The first-of-its-kind conference will serve as a premier forum for the exchange and presentation of the concepts, tools, techniques, practice, and state-of-the-art in reproducibility and replicability.
The promise of digital artifacts for reproducibility
Science must communicate. The bedrock of scientific communications are the written descriptions of experiments that need to be reproduced or replicated before the results can be accepted as science. As computation is playing an increasingly important role in scientific disciplines, digital assets are becoming a fundamental building block of scientific communication that goes far beyond the digital representation of textual documents: digital artifacts can represent complex workflows that, given adequate resources, can automatically repeat experiments, reproduce results, and validate claims of contributions in research labs as well as classrooms, with the potential of greatly accelerating the speed of learning and scientific progress.
Practical challenges
In practice, communicating digital artifacts has proven challenging. Communication can occur over time, in which a 10-year-old digital artifact is still performing its function, or over space, in which a digital artifact is performing its function at a different location. The challenges stem from the behavior of contexts required to run digital artifacts: these contexts are continually and rapidly evolving because of software and hardware infrastructure upgrades, security patches, configuration changes, and hardware aging. That is, communication over time will fail in a matter of weeks or months, and digital artifacts will stop working unless updated. Reproducibility requires communication over time and space, including communication among reviewers, researchers, instructors, students, and practitioners. This communication is labor intensive, and the contexts of all these stakeholders are evolving independently, so communication over space is likely to fail immediately.

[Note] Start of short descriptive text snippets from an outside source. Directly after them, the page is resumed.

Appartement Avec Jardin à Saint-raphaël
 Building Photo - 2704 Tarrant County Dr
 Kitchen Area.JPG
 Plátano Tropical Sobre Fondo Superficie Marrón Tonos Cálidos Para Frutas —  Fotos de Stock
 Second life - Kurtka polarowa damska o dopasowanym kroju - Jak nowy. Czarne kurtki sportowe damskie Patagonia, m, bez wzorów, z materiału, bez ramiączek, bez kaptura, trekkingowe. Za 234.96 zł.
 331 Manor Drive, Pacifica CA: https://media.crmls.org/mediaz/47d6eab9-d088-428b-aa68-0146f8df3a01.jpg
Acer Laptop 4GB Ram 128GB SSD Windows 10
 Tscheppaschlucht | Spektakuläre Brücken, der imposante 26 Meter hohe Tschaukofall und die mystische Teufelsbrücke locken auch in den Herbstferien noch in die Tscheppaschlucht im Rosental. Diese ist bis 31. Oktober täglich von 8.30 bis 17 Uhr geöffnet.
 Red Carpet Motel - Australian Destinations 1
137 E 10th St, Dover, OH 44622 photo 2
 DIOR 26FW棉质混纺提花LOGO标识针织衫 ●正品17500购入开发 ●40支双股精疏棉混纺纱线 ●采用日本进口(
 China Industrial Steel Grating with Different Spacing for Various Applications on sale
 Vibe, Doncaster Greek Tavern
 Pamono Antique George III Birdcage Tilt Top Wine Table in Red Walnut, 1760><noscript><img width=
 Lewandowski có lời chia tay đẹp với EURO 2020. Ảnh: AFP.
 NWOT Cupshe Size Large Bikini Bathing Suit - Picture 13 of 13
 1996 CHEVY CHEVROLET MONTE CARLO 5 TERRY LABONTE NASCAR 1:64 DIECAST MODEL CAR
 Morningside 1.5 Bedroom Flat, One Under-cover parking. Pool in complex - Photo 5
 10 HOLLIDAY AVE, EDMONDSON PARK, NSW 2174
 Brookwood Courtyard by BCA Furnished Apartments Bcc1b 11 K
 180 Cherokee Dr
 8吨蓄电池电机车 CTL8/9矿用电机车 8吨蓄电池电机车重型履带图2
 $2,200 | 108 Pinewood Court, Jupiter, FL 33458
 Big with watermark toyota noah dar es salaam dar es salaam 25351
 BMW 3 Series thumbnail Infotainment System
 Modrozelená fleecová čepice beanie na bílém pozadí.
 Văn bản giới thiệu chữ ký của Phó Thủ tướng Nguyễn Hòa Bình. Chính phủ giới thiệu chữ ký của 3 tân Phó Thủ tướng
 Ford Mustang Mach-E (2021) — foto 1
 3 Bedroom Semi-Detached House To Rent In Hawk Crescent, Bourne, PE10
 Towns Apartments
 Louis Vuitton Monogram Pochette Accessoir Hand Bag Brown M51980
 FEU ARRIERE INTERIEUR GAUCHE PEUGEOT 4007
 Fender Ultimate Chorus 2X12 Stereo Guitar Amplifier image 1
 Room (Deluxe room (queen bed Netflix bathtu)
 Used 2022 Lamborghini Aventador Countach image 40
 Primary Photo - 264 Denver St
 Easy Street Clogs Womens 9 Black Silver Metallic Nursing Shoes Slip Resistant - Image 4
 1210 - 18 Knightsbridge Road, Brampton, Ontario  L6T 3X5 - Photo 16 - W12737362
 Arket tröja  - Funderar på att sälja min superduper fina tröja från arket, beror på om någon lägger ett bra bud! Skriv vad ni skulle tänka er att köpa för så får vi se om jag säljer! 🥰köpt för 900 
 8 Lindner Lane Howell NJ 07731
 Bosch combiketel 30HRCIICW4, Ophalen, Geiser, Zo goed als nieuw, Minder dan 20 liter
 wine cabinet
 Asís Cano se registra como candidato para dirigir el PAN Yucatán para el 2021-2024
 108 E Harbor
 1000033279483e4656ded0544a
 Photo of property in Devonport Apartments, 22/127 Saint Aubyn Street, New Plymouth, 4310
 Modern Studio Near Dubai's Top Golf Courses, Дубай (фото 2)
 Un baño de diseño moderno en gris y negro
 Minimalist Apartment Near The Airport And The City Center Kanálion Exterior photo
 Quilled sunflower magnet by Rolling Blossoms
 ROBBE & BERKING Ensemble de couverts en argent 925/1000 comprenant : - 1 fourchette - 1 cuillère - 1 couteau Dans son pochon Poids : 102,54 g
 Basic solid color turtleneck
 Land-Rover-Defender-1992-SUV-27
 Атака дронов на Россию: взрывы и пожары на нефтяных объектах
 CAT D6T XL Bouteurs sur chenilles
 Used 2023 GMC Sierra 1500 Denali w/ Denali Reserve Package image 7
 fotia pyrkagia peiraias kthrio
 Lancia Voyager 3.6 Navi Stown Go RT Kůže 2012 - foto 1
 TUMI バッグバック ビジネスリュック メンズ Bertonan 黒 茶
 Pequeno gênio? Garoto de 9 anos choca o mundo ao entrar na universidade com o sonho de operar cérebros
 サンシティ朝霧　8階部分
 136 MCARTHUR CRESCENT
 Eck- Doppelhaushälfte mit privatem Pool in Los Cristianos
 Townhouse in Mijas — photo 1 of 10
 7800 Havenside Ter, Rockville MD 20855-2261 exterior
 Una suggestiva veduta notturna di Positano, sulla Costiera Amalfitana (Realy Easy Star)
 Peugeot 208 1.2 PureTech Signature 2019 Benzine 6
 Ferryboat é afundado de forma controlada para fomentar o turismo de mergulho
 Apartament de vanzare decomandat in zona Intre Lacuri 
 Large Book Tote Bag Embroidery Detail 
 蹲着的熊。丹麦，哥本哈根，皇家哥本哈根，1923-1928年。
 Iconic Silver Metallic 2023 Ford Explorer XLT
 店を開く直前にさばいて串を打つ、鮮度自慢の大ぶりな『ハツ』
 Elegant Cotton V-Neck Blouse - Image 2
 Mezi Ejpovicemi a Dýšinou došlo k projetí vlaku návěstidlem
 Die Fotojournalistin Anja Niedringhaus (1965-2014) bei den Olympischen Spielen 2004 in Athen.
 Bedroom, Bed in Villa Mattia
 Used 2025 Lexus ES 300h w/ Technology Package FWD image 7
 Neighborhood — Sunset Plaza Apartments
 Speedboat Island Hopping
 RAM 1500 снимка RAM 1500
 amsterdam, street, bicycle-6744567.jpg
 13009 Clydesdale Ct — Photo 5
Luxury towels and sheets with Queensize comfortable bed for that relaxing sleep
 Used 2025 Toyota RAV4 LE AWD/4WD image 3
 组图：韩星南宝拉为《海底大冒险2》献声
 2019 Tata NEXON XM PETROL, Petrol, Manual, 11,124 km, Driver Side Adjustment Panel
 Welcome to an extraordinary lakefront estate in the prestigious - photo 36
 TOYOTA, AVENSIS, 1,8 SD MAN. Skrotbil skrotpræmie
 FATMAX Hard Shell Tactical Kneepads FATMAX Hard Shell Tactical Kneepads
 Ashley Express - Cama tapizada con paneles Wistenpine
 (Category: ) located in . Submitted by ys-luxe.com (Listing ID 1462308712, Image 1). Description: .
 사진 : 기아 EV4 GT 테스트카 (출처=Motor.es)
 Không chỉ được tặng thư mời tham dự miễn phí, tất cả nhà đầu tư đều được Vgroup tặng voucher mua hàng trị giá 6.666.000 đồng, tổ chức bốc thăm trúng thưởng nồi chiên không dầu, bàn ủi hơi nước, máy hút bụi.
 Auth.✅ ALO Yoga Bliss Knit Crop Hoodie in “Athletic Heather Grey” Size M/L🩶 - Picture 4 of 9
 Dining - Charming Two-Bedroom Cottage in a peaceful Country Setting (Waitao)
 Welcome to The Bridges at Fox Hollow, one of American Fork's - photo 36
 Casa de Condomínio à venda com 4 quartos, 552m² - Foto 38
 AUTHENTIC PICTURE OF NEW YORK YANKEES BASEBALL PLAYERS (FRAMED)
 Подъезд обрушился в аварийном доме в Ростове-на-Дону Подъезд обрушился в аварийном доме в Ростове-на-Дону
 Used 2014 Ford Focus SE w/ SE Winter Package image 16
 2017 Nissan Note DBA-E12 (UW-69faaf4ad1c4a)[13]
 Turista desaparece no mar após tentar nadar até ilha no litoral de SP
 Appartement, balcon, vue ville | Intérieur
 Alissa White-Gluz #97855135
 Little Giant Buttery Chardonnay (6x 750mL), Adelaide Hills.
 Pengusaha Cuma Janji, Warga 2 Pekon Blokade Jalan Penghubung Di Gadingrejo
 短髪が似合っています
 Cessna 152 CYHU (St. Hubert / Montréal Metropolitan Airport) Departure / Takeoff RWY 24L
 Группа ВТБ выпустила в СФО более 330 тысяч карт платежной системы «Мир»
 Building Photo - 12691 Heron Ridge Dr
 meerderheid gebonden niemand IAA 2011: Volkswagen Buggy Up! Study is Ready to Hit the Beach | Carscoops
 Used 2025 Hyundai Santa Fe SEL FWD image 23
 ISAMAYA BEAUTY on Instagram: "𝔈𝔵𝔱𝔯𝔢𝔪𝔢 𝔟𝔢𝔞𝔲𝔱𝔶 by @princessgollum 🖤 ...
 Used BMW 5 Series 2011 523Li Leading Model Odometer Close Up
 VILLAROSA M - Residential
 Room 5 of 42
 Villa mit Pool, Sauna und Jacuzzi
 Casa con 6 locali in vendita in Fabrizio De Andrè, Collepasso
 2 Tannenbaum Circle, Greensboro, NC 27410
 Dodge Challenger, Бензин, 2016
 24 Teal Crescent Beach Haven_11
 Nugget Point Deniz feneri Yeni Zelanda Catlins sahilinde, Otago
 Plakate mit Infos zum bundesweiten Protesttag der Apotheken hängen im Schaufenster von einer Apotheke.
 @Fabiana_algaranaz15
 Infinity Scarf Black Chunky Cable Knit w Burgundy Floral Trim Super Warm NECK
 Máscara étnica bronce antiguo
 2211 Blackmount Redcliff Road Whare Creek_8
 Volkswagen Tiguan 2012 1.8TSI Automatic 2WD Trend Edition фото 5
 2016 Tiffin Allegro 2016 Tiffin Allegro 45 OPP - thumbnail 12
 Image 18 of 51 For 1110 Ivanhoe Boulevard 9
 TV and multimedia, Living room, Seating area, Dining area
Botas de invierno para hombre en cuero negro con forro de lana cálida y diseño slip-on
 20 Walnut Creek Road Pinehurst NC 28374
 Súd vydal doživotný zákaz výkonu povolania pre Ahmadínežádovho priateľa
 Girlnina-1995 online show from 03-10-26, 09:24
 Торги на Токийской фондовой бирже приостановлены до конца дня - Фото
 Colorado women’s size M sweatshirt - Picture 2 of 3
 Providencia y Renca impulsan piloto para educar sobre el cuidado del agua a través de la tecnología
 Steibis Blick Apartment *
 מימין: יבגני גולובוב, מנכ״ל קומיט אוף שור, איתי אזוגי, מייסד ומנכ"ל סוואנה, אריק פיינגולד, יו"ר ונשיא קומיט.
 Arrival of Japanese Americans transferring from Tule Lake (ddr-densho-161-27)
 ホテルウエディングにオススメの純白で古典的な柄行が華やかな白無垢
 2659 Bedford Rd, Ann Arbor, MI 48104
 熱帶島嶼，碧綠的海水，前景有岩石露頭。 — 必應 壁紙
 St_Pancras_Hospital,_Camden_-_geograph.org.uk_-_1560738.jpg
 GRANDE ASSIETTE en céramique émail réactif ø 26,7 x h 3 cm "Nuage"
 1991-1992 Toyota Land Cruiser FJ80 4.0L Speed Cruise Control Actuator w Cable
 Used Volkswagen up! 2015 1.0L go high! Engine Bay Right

Open source software engineering
Meanwhile, open source software communities have evolved sophisticated technologies to share and organize digital assets according to principles that have enabled collaborations of unprecedented scales and speed, including versioning, branching, pull requests, and continuous integration. With scientific communities embracing open science and the FAIR principles, many scientists are discovering the value of these open source software techniques and strategies for research practices.
ACM REP '23
The 2023 ACM Conference on Reproducibility and Replicability (ACM REP ‘23) is taking place during June 27-29, 2023 in Santa Cruz, California, USA, and evolved out of Practical Reproducible Evaluation of Computational Systems (P-RECS), a series of annual workshops convened at the ACM International Symposia on High-Performance Parallel and Distributed Computing (ACM HPDC) from 2018 through 2022, and the ACM Emergent Interest Group on Reproducibility and Replicability (EIGREP). ACM REP is bringing together experts and practitioners interested in the advancement and conduct of reproducible science in computing disciplines. The first-of-its-kind conference will serve as a premier forum for the exchange and presentation of the concepts, tools, techniques, practice, and state-of-the-art in reproducibility and replicability. Many computer science conferences already have their own reproducibility initiatives, including awards for distinguished reproducibility artifacts. ACM REP will be an important forum for sharing innovative best practices across these communities with a program consisting of peer-reviewed articles, invited talks, panels, posters, and demonstrations.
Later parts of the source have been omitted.